* **Exercise directions**:
Set down every line from the one containing "Caterpillar/FPT C3.4B/F5HFL414C*A080 Motoren" through the last line of the records below, exactly as written, and leave out the pictures.

═════ Material supplied ═════

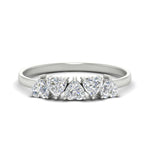 Load image into Gallery viewer, 1.50-carat-anniversary-wedding-ring-heart-shape-diamond-in-white-gold-FD9600HTB-1.50CT-NL-WG
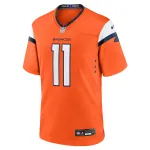 Men's Denver Broncos Josh Reynolds Orange Game Jersey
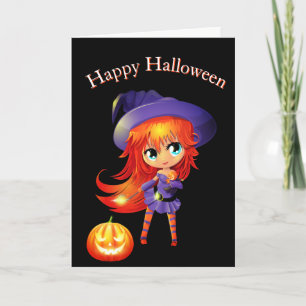 Halloween Kaart-heks Kaart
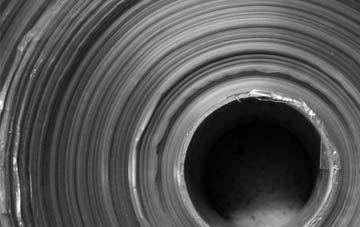 Tonge Fold pvc roof replacement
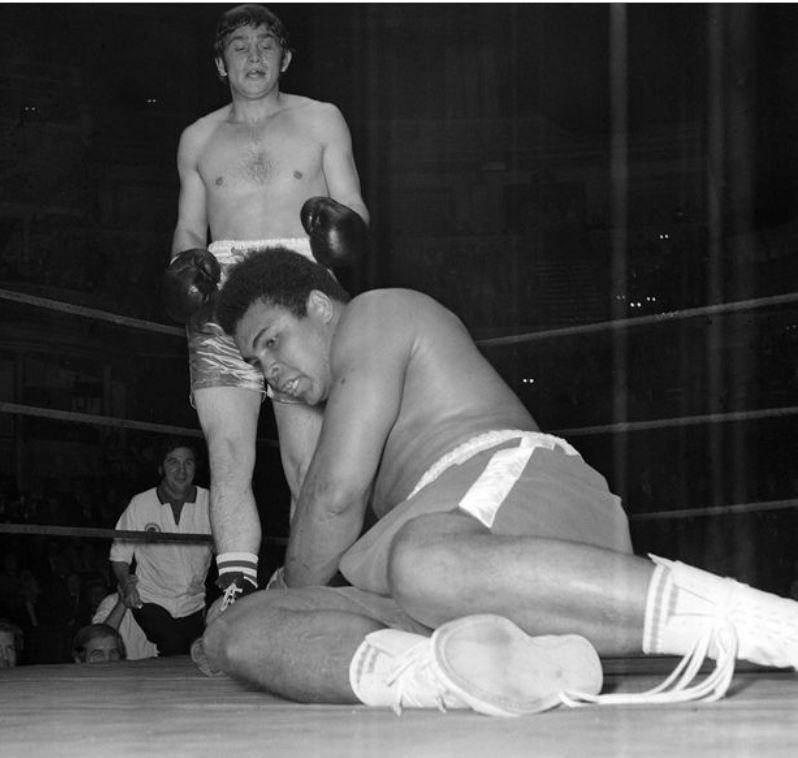 Joshua Frankham has boxing in his blood as a relative of Fury’s whose uncle coached Brad Pitt and another who fought Ali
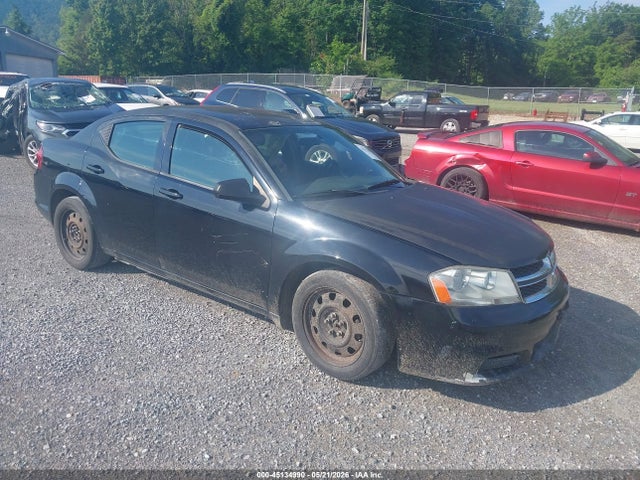 Salvage Dodge Avenger Image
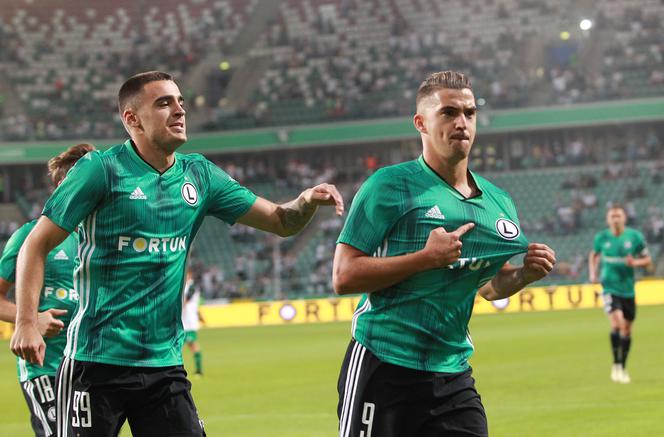Sandro Kulenović, Carlitos, Legia Warszawa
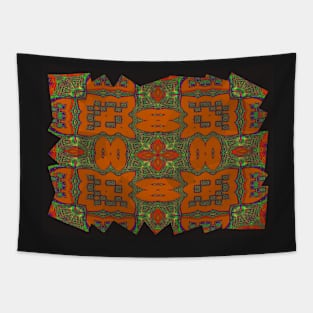 New Orange Tapestry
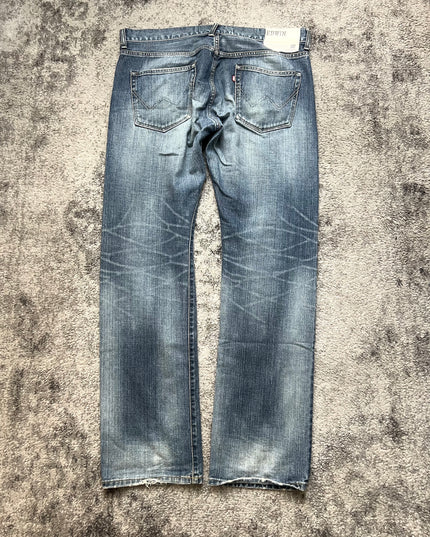 EDWIN XV "RADIOWAVE DAGGERCUT" DENIM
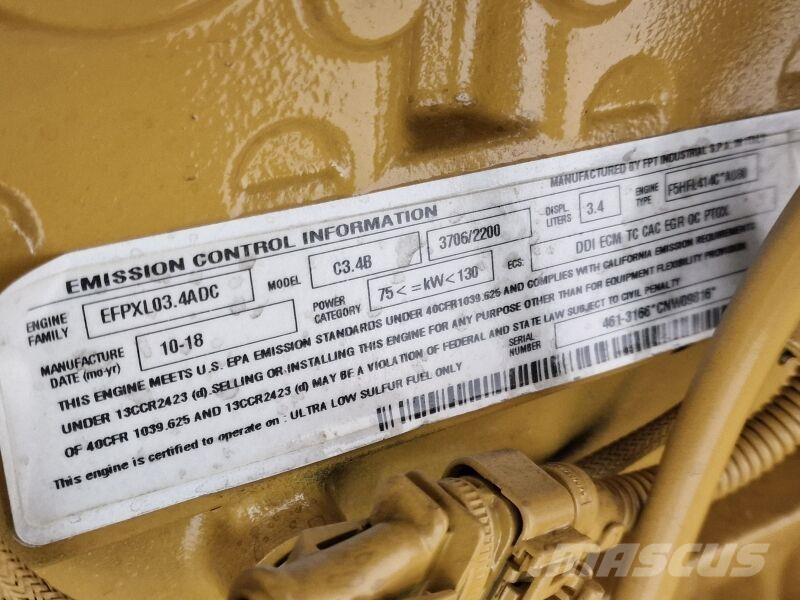 Caterpillar/FPT C3.4B/F5HFL414C*A080 Motoren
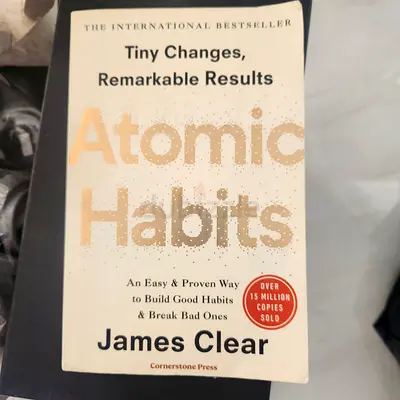 Atomic Habits by James Clear - Paperback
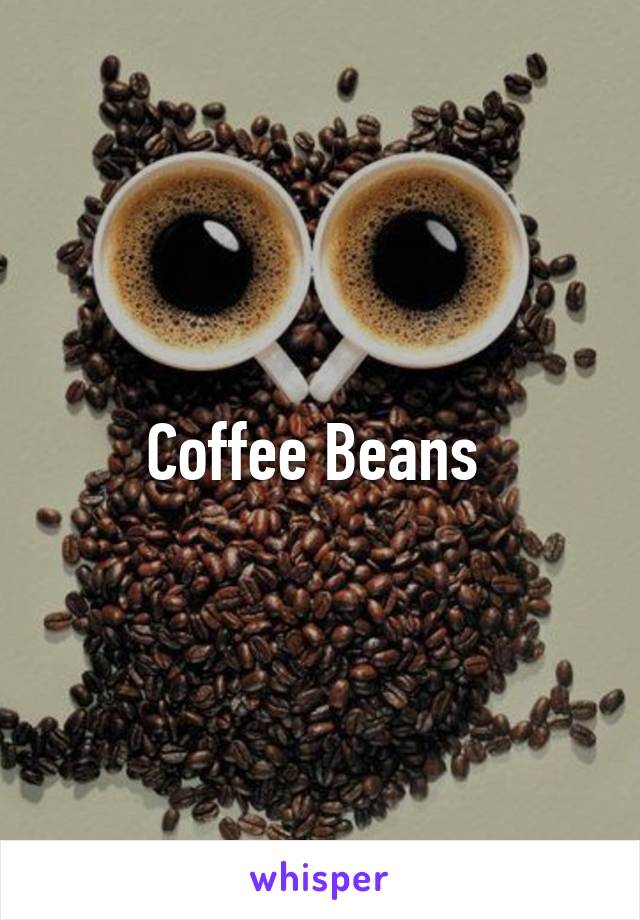 Coffee Beans 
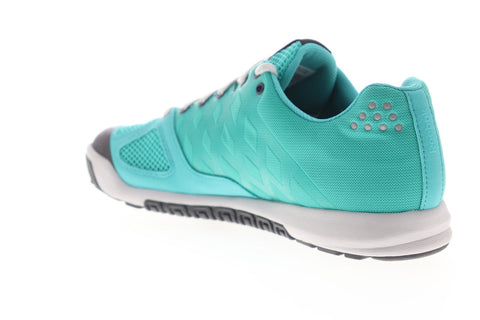Reebok Crossfit Nano 2.0 Womens Green Mesh Athletic Cross Training Shoes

═════

* **Answer to this problem**:
 Caterpillar/FPT C3.4B/F5HFL414C*A080 Motoren
 Atomic Habits by James Clear - Paperback
 Coffee Beans 
Reebok Crossfit Nano 2.0 Womens Green Mesh Athletic Cross Training Shoes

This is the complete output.